I drove up to Ubud again and finally found Nyoman at the homestay. He looked little changed and we embraced, both of us a bit embarrassed. Nyoman, who had been a tailor before I met him, said the place was being torn down so that he could expand the T-shirt-making shop. The conditions would then be better for the employees, who were, in fact, all members of his family. In any case, no tourists wanted to stay in the place anymore. The traffic noise was unbearable.
Nyoman had married Ketut, and they now had three children. Ketut sat with Nyoman, sometimes holding his hand as she nursed their youngest child. Nyoman said he didn’t do much guiding anymore, only for friends or friends of friends. He’d traveled himself: A rich American client had bought him a ticket to the United States. He’d seen New York and Cape Cod and Miami and San Francisco. It was all very nice, especially San Francisco, but his youngest child was only four months old at the time, and he had been homesick among the tall buildings.
Nyoman, clearly, was no longer the little brother: As a family man, he was addressed as pak, or father, roughly equivalent to “mister.”
The talk turned to economics, a subject never broached in our previous relationship. “I think,” Nyoman said, “we will be all right if the rupiah stays below 10,000 to the dollar.”
“It was 7,500 this morning,” I said.
We were silent for a moment.
“Remember those trancing ceremonies?” I asked. I wondered if rural health clinics had obviated the need for the healing rituals, or if communal village televisions were now the nightly entertainment.
Nyoman said people still went sangyang, and that the ceremonies were actually better now. “People have more money to buy better costumes,” he said. “They have more time to practice and they do the ceremonies more often.”
“Do tourists pay to see them now?”
“Where we went? No, it is like before.”
“And the headman still gets hit?”
“Always.”
I liked the idea that as Bali changes, it somehow contrives to remain the same.
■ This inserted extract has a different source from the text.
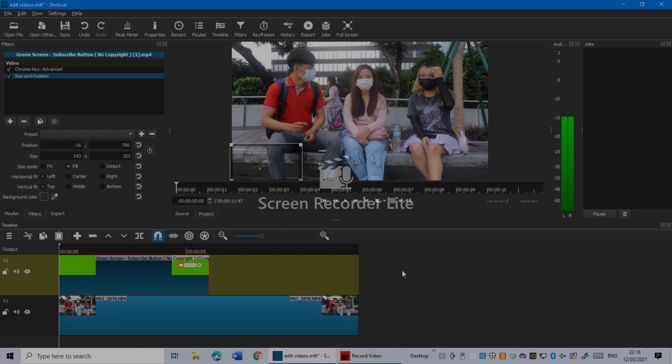How to export your videos from shortcuts. So guys, if you already edited your videos in shortcuts but don't know how to export them, in this video I'm going to show you how to export your videos.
“I think you are married now,” Nyoman said.
“It’s true.”
“So you are happy?”
“I think so. Most of the time.”
Nyoman nodded. “Do you remember the duck?” he asked.
“Very well.”
He asked me to become sangyang bebec, for his child.
And so I quacked out the duck’s furious rage. I quacked about loss and change, about the current that drives us ever forward and entombs each moment as it passes, leaving only memories before we run out of air. I quacked so long and so fervently that I could feel moisture forming at the corners of my eyes.
It was an inspired performance. Probably the best sangyang bebec I’ve ever done. Nyoman and Ketut collapsed in helpless laughter. The baby in Ketut’s arms looked up, amused by the commotion. I quacked on, a little happier now.
Time and tide change all, I thought, but the entranced duck always gets the laugh.